The approach would distance Bashar al-Assad and his officials from any abuses and war crimes. “The regime did not want the security forces and army to be pictured doing these things,” explains Fadel Abdul Ghany, chair of the Syrian Network for Human Rights.

Read the Full Report

On March 2, about two weeks before the initial protests in Daraa in southern Syria, military intelligence instructed local authorities to “mobilize” informers, grassroots organisations. and “friends” of the regime. In April, orders were sent to form the groups into Popular Committees.

Other documents found by CIJA detail instrictions in the spring and summer to the Popular Committees from the regime’s Central Crisis Management Committee — composed of security forces, intelligence agencies, and top officials — which was established by Assad and reported directly to him.

One of the CCMC’s first directives on April 18 ordered the Popular Committees to be trained on the use of weapons against demonstrators and on methods to arrest them and hand them to regime forces.

Throughout 2012, Assad’s military and security agencies were unable to break the protests. So in 2013, the paramilitaries were brought into the National Defense Forces, a 50,000-strong militia whose development was overseen by Iranian military personnel.

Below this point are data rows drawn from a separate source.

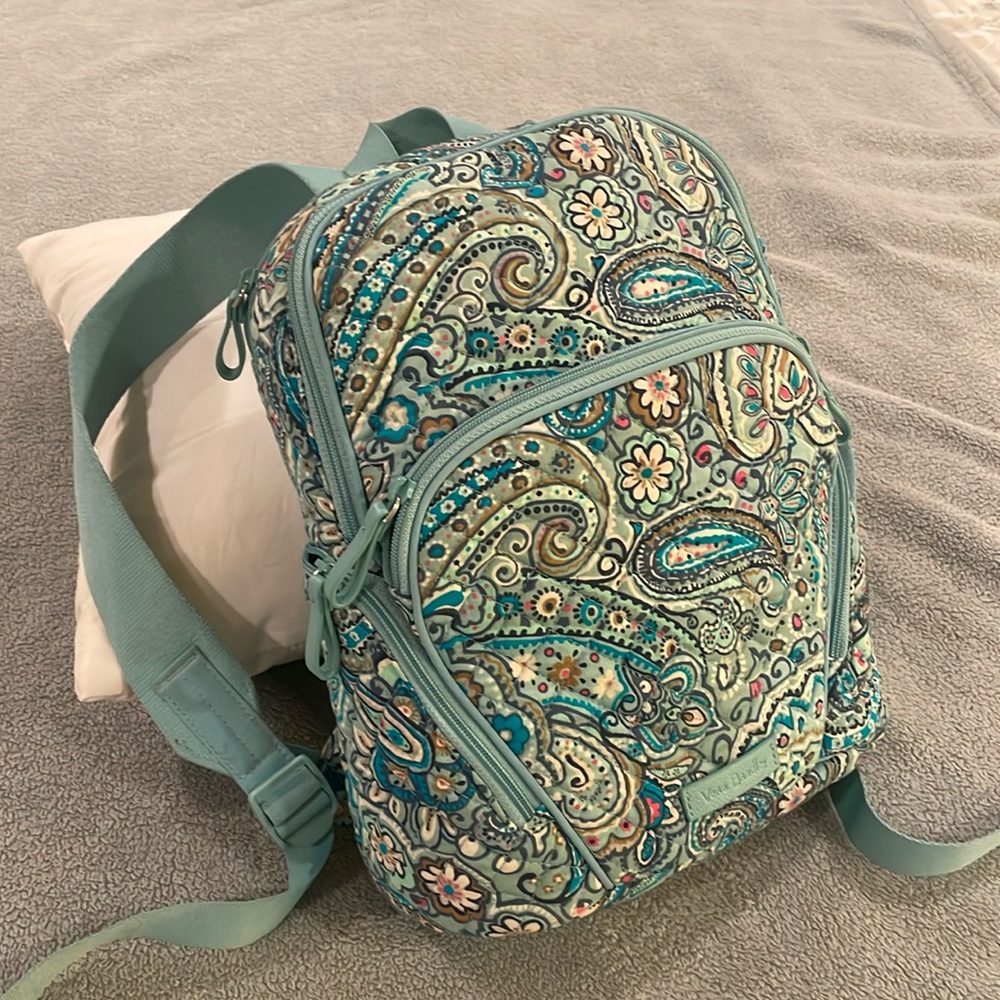 Daisy Dot Paisley Mini Backpack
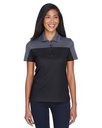 Core 365™ Ladies' Balance Colorblock Performance Piqué Polo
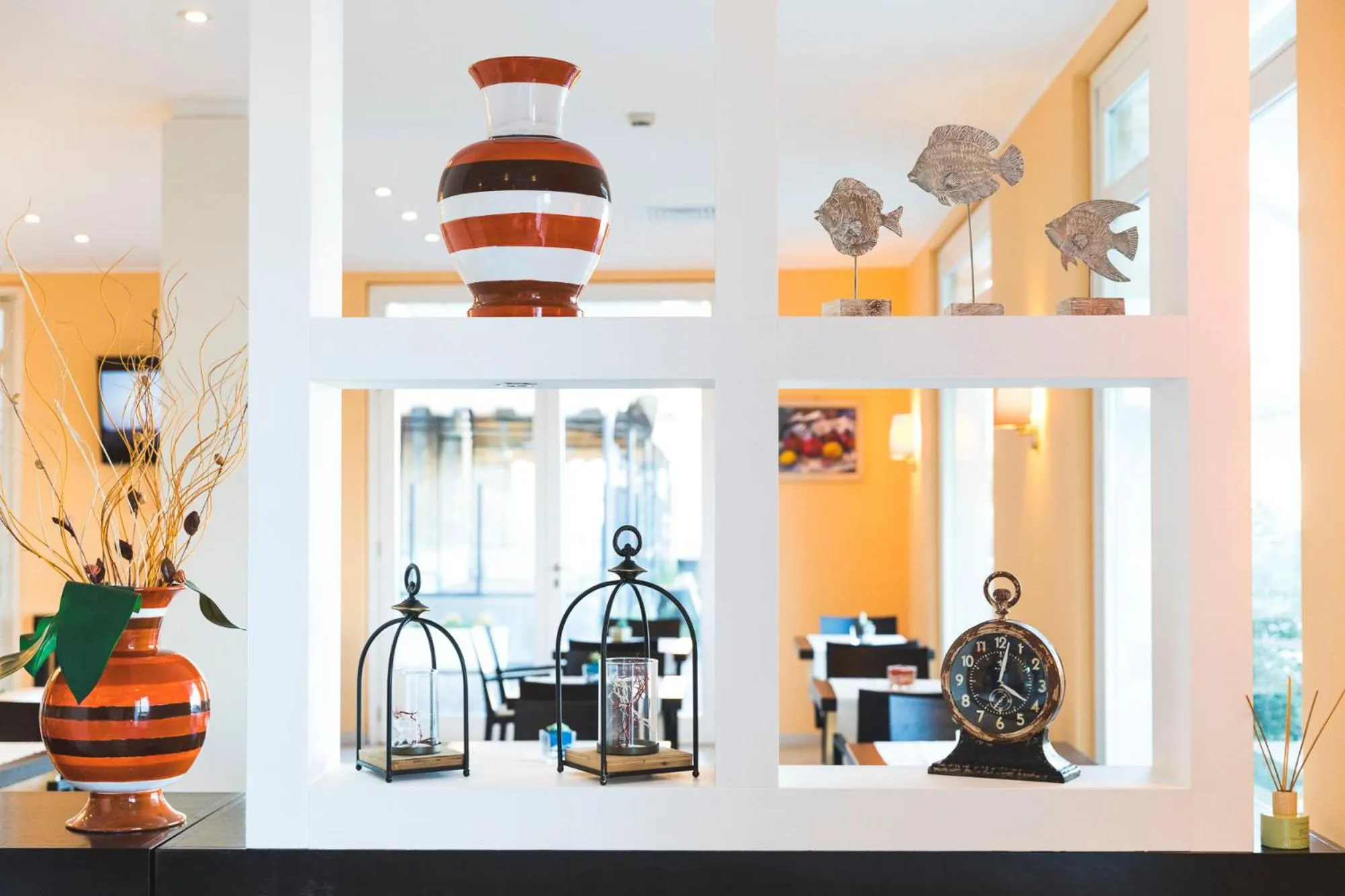 Decorative detail in Lu' Hotel Riviera - Carloforte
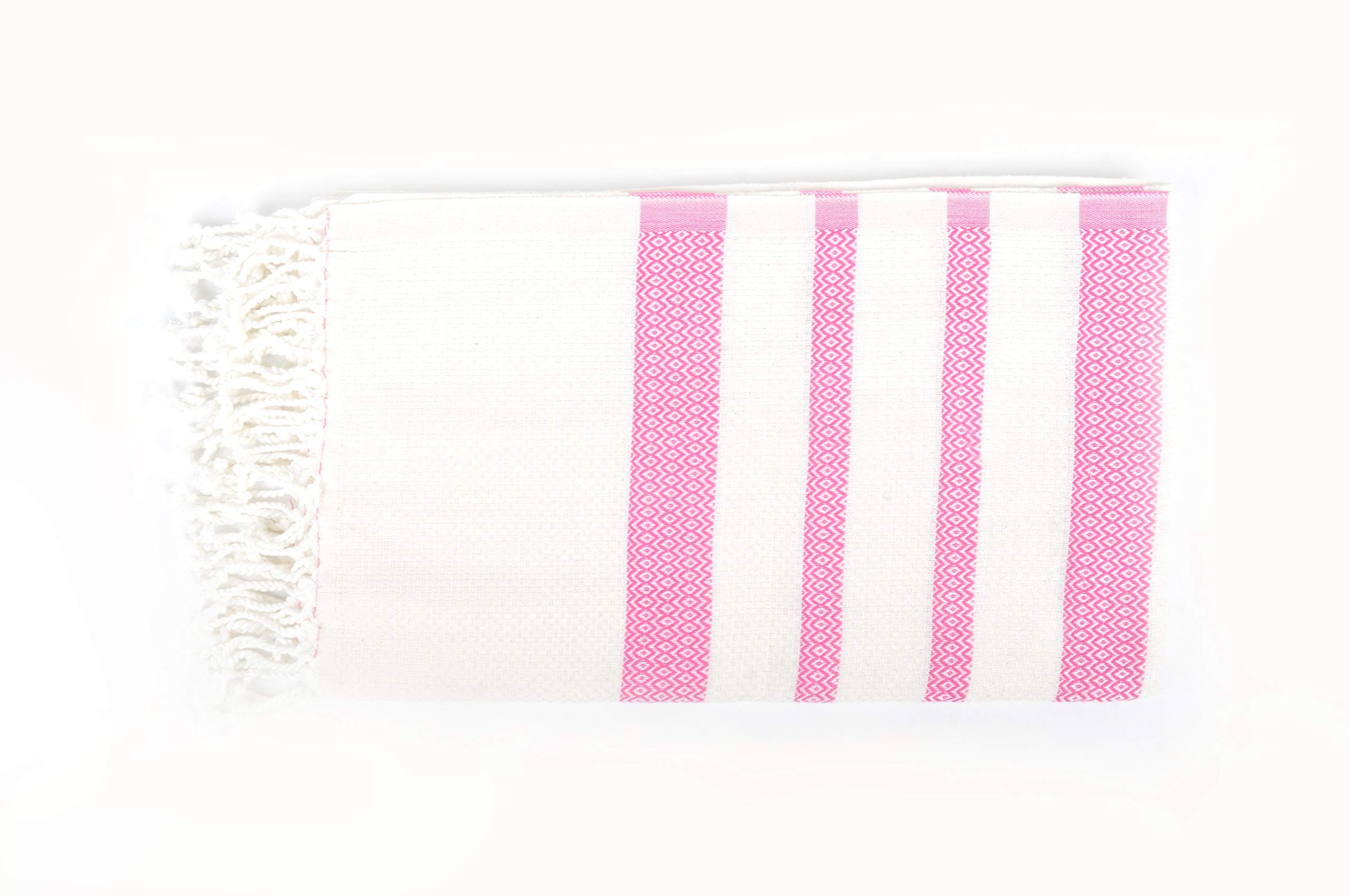 Bonamaison Pesthemal, Cotton, Multicoloured, 107 x 180 cm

The Mass Killings of Civilians

CIJA identifies nine mass killings of civilians as the shabiha carried out the regime’s orders.

They include murders in the Karm al-Zeytoun neighborhood in the city of Homs in March 2012. A local man — withholding his name as his relatives live in regime-held areas in Syria — told Reuters that his wife and five children were among those slain.

“The shabiha put them up against the wall, tried to violate them, then shot them,” he said from opposition territory in northwest Syria.

The man was a member of a rebel faction and was in a nearby district, al-Adawiya, where another mass killing had been carried out by Assad’s paramilitaries.

The moment I heard that my kids were dead, I was holding a six-month-old baby that had just been killed in Adawiya. So, I was imagining what had happened to my kids.

In May 2002, in Houla in western Homs Provice, the shabiha killed 108 civilians, including 34 women and 49 children. Sixty member of the Abdulrazzaq family were murdered.

The following month, 78 people including women and children were shot, hacked, and burnt to death in Mazraat al-Qubair in Hama Province. On May 2-3, 2013, on the streets of Beida and Baniyas in Tartous Province in western Syria, more than 300 civilians — including 58 women and 65 children — were slain.

The mass killings caused tension between some branches of the security forces and some Popular Committees. However, the security forces did not try to check the militias. Instead, they issued instructions to not oppose them.

No shabiha member has just been tried for war crimes. CIJA hopes that the presentation of the evidence will lead to cases being brought.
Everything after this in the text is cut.